= What needs to be done =
Using the data below, output a verbatim copy of the lines between the one holding "HEXAGONAL FLAT LENSES" and the one holding "Lampada LED IRIS LuceQuadra Ricaricabile", inclusive, without any pictures.

= Data for review =
========
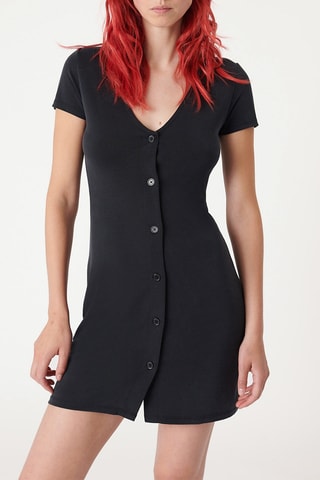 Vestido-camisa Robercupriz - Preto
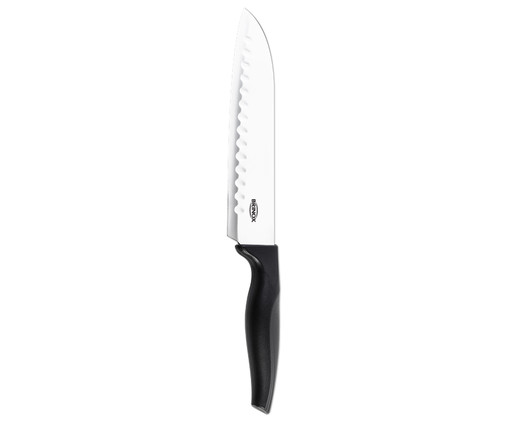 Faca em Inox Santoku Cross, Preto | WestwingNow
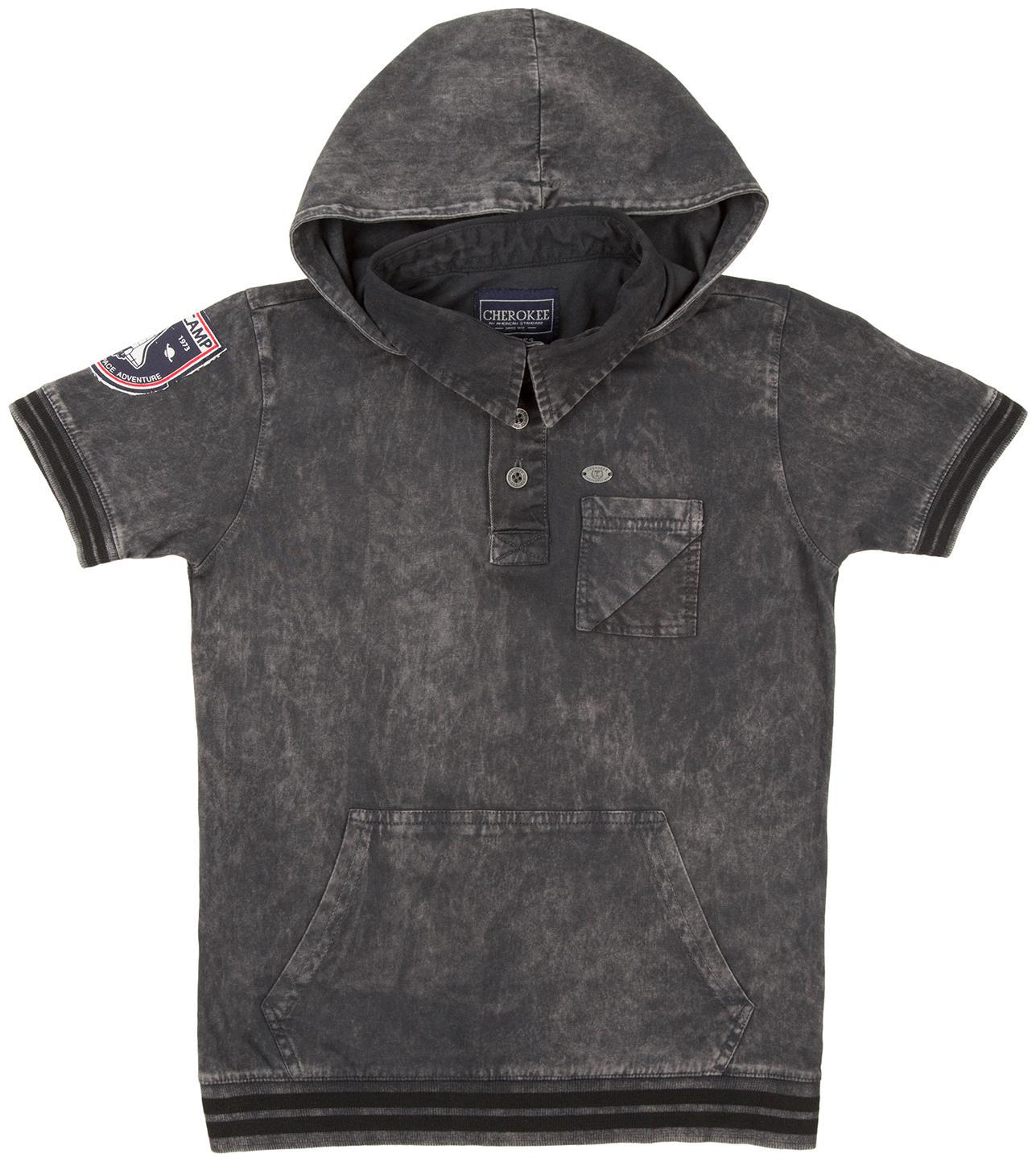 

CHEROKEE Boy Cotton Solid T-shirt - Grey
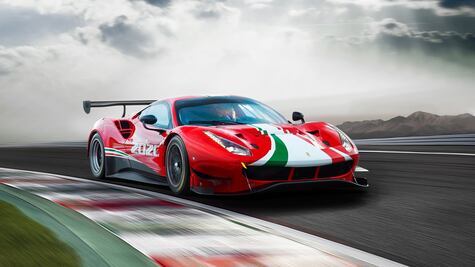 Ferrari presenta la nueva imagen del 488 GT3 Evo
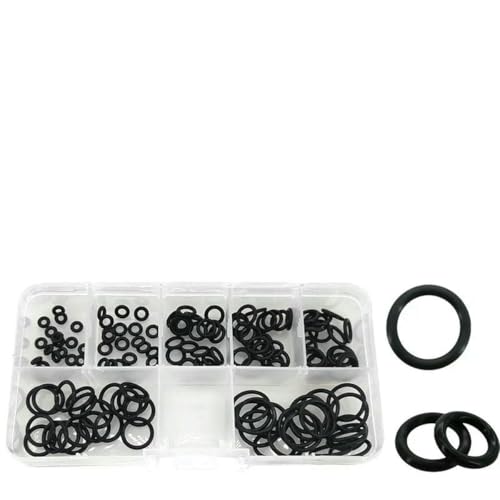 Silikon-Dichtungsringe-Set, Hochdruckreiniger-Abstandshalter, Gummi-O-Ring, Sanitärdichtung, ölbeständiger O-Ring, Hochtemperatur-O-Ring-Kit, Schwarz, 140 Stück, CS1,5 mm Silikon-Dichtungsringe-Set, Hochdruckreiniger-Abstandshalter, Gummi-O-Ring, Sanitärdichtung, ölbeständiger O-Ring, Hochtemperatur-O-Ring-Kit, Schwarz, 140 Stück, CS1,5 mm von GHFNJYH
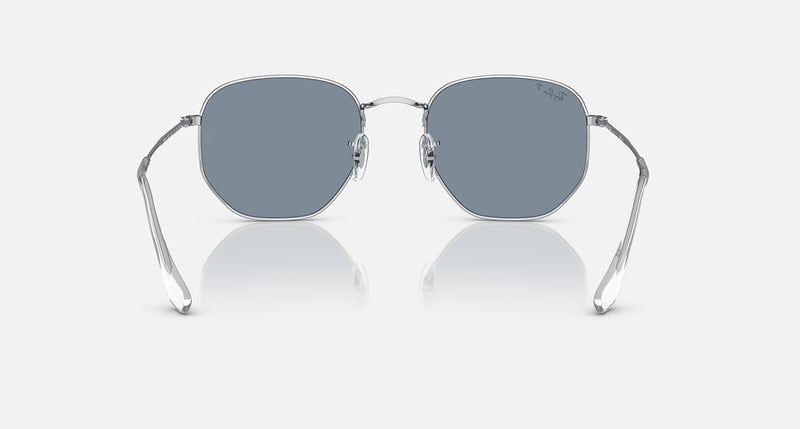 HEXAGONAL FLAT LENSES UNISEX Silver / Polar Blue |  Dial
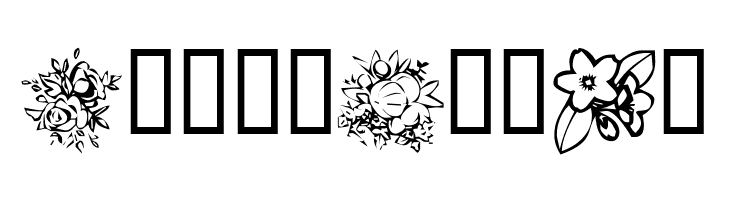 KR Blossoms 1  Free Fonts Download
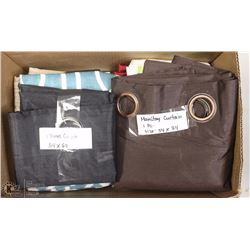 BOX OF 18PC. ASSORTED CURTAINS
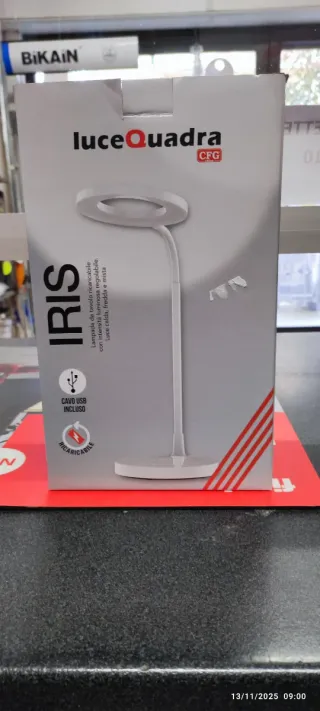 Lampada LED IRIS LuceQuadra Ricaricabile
========
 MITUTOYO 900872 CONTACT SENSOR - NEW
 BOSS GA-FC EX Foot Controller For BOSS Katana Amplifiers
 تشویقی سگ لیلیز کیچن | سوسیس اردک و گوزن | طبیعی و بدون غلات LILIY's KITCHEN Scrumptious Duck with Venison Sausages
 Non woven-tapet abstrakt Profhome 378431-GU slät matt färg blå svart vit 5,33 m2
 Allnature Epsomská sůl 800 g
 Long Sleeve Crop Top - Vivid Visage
========
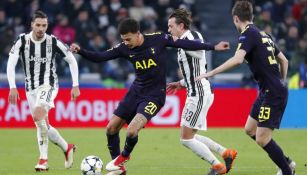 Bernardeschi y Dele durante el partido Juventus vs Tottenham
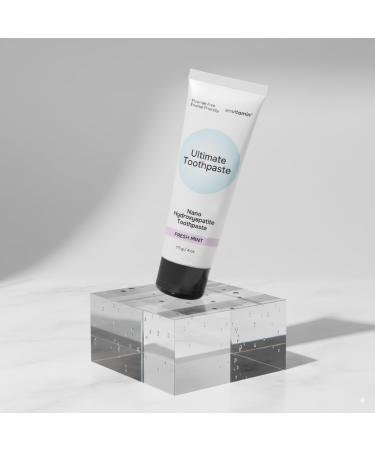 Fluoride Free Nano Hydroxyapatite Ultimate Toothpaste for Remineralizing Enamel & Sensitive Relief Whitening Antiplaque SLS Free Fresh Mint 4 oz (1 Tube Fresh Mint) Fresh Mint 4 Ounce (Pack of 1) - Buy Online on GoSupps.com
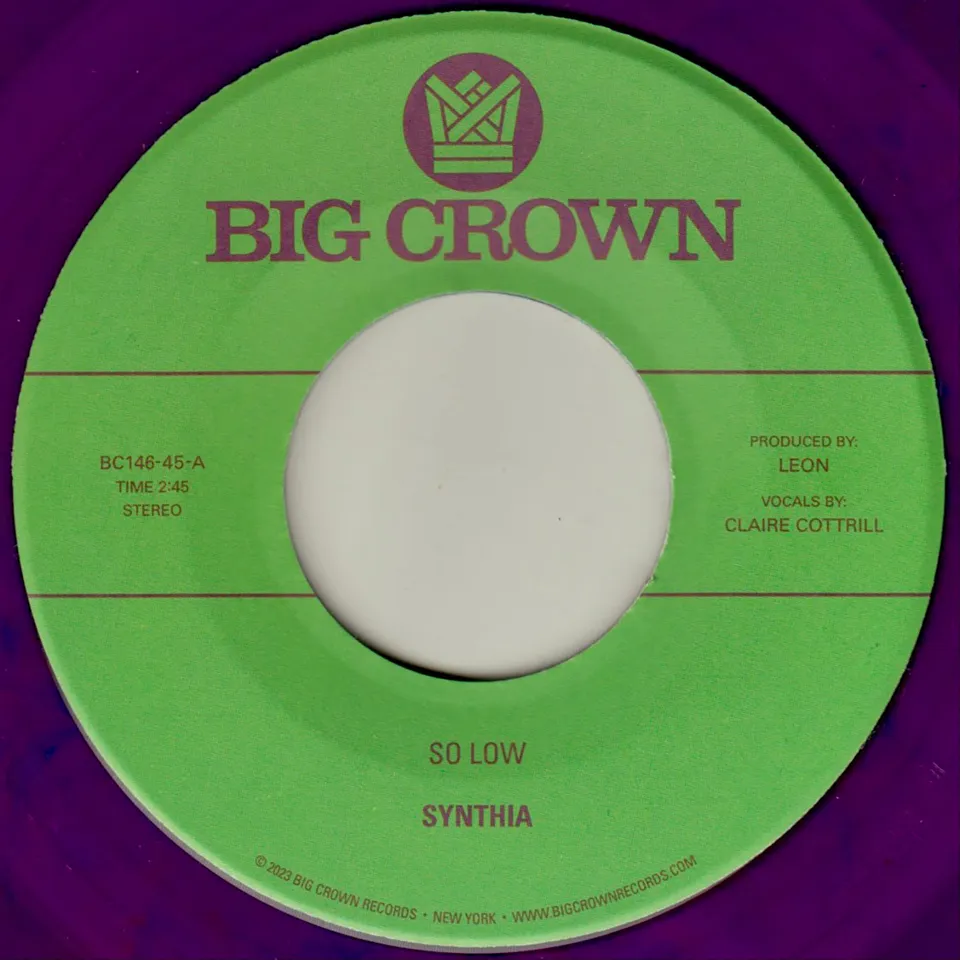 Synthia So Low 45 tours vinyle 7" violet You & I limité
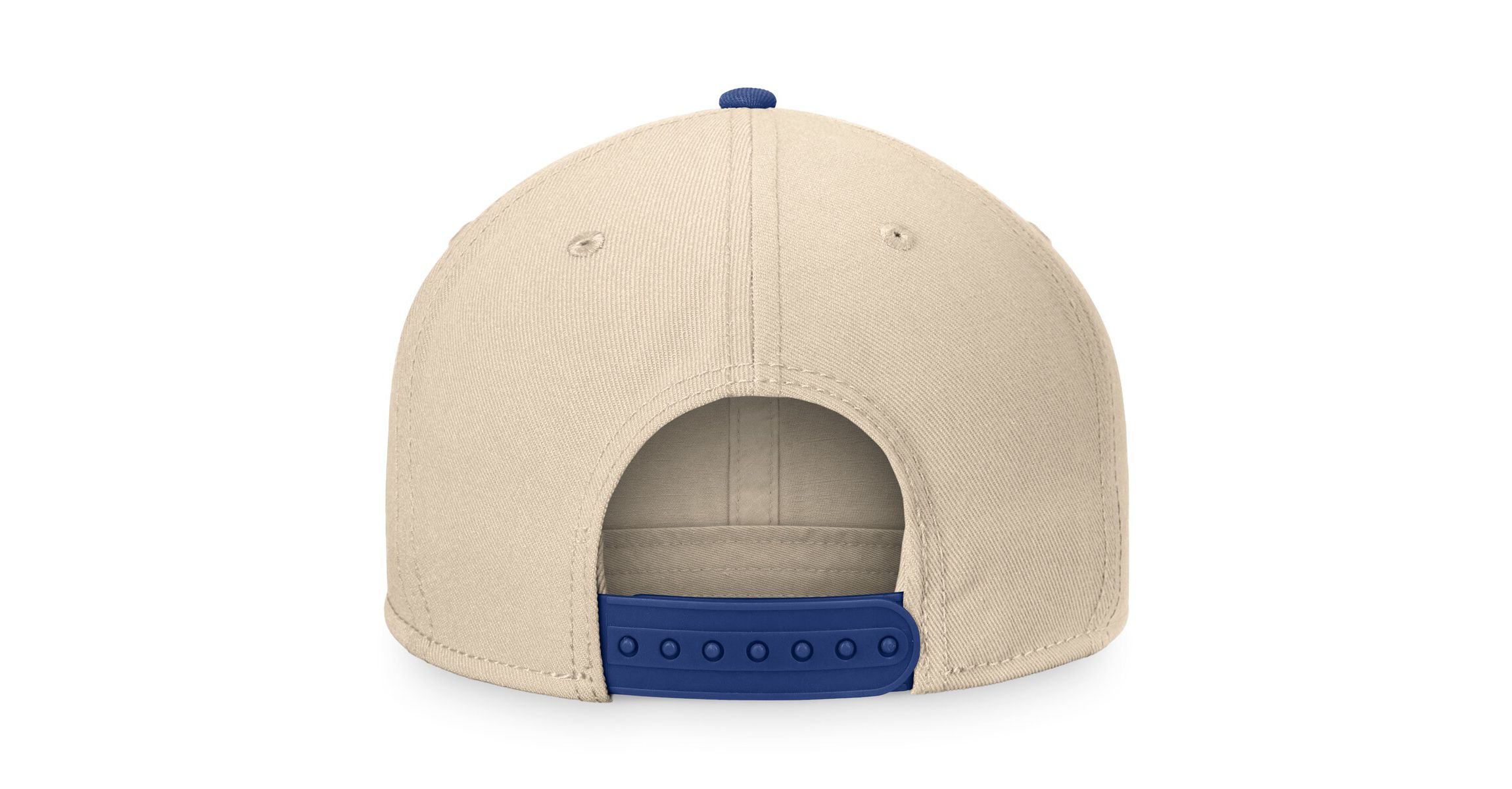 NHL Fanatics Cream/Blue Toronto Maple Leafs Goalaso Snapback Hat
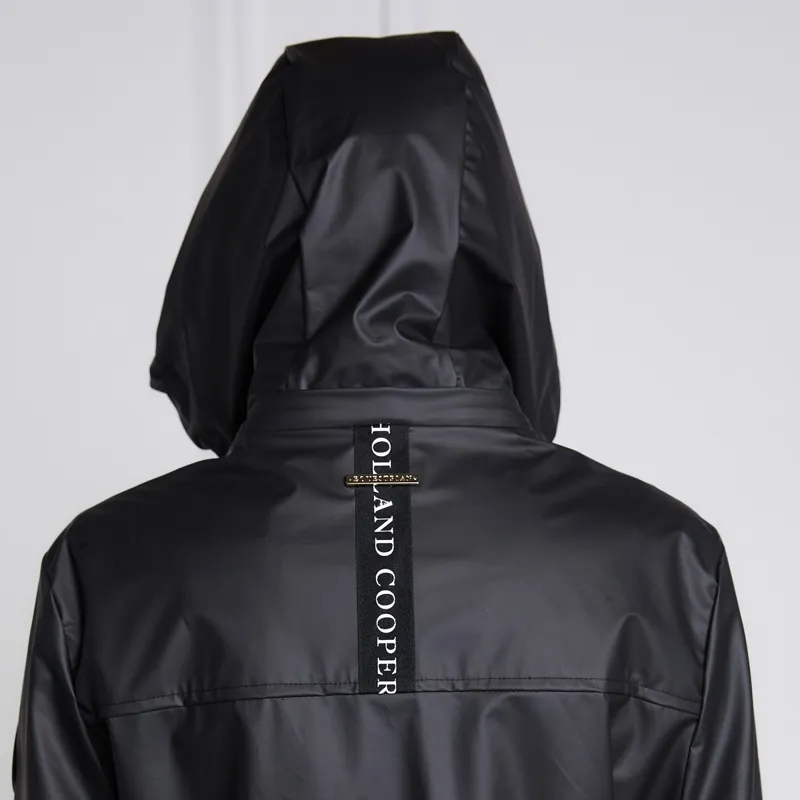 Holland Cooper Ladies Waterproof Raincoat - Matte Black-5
========
= Response to the task =
 HEXAGONAL FLAT LENSES UNISEX Silver / Polar Blue |  Dial
 KR Blossoms 1  Free Fonts Download
 BOX OF 18PC. ASSORTED CURTAINS
 Lampada LED IRIS LuceQuadra Ricaricabile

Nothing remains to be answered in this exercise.